○発表のポイント:
◆がんが進行した患者の血中で見られるがん細胞の塊(CTCクラスター)は、高い転移発生率との関連性が示唆されていましたが、その発生過程はまだよくわかっていませんでした。
◆がん細胞の集団を配置した手のひらサイズの血管チップ(がん-微小血管チップ)を用いて、これらの細胞を生きたまま経時的に顕微鏡観察することで、がん細胞が血管に浸潤しCTCクラスターを形成するまでの一連のプロセスを可視化しました。
◆本研究で構築したチップは、血管内浸潤およびCTCクラスターの形成を標的としたがん転移を抑える治療開発に活用できる可能性があります。
開発したがん-微小血管チップ。血管構造の周囲にがん細胞集団を配置し、がん転移初期過程である、がん細胞集団の血管内侵入とがん細胞クラスターの放出過程の可視化を実現。
○概要:
東京大学 生産技術研究所の池田 行徳 大学院生(研究当時)、近藤 誠 助教、松永 行子 教授らのグループは、がん細胞クラスター(circulating tumor cell clusters:CTCクラスター)(注1)が血管内に形成する過程を可視化する「がん-微小血管チップ」を開発しました。腫瘍オルガノイドと血管内皮細胞を三次元培養し、がん細胞の集団移動、血管構造の乗っ取り(vessel co-option)、血管内へのクラスター放出という一連のプロセスを世界で初めて明確に観察しました。特に、がん細胞由来のTGF-β(トランスフォーミング増殖因子β)(注2)が内皮細胞にEndoMT(endothelial-mesenchymal transition:内皮-間葉転換)(注3)を誘導し、さらに内皮細胞が分泌するActivin(TGF-βファミリーのメンバー)(注4)ががんの浸潤性を高める「がん-血管相互作用による悪性化の連鎖」が、CTCクラスターの血管侵入と形成に重要であることを示しました。本成果は、がん転移抑制を目指すがん転移メカニズムの解明、治療標的分子の探索、および創薬スクリーニングに貢献する革新的なプラットフォームとなることが期待されます。

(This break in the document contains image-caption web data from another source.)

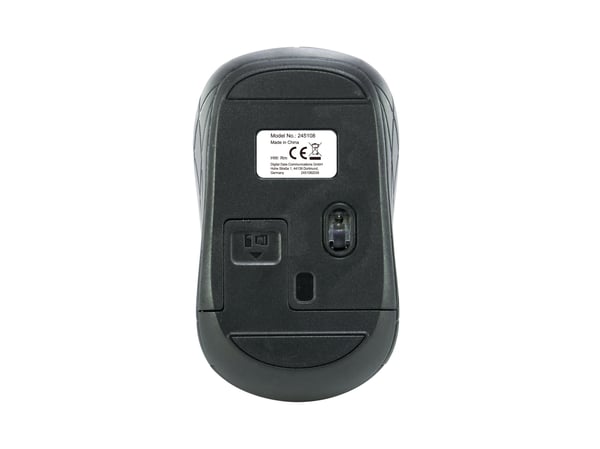 Equip 245108, Ambidekstriøs, Optisk, RF kabel-fri, 1600 DPI, Svart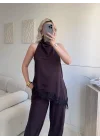 Dantel Detay Bluz Pantolon Takım - KAHVE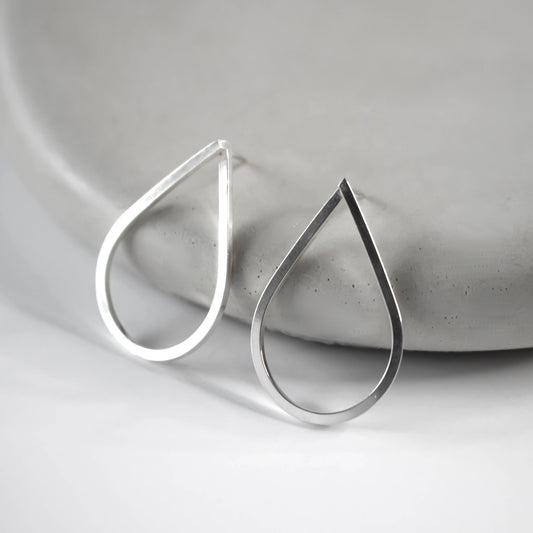 Sterling Teardrop Hoop Earrings-Womens-LittleGreenRoomJewelry-LittleGreenRoomJewelry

○発表者コメント:松永 行子 教授の「もしかする未来」
この研究を始めたきっかけは、私が専門とする生体外で生体組織構造や微小環境を再現・制御・解析する細胞工学技術を用いて、からだの中で起きている現象を細胞や組織レベルでとらえ、疾患現象の解明や、予防技術の開発へ貢献したいと思ったからです。今回、金沢大学・大島正伸教授のグループが、多様な遺伝的な背景をもつがん細胞の集まりが遠隔臓器に転移する様子を動物実験でとらえたことを受け、「がん細胞集団はどのように血管を介して遠隔臓器に転移するのか?」というがん転移のブラックボックスを明らかにするために複数の研究機関とチームを結成し研究を始めました。この成果は、がんの転移のしくみをより深く理解する手がかりとなり、患者ごとの転移リスクの評価や、新しい治療薬の開発につながる可能性があります。今後もさまざまな分野の専門家と協力しながら、未来の医療につながる技術を生み出していきたいと思います。
○発表内容:
本研究では、「がん細胞がどのように血管内へ侵入し、がん転移が引き起こされるのか?」というがん転移の初期過程におけるがん細胞集団と血管との相互作用を明らかにするため、三次元の血管構造周囲にがん細胞集団を配置した三次元in vitroモデル「がん-微小血管チップ(tumor-microvessel on-a-chip)」を開発しました。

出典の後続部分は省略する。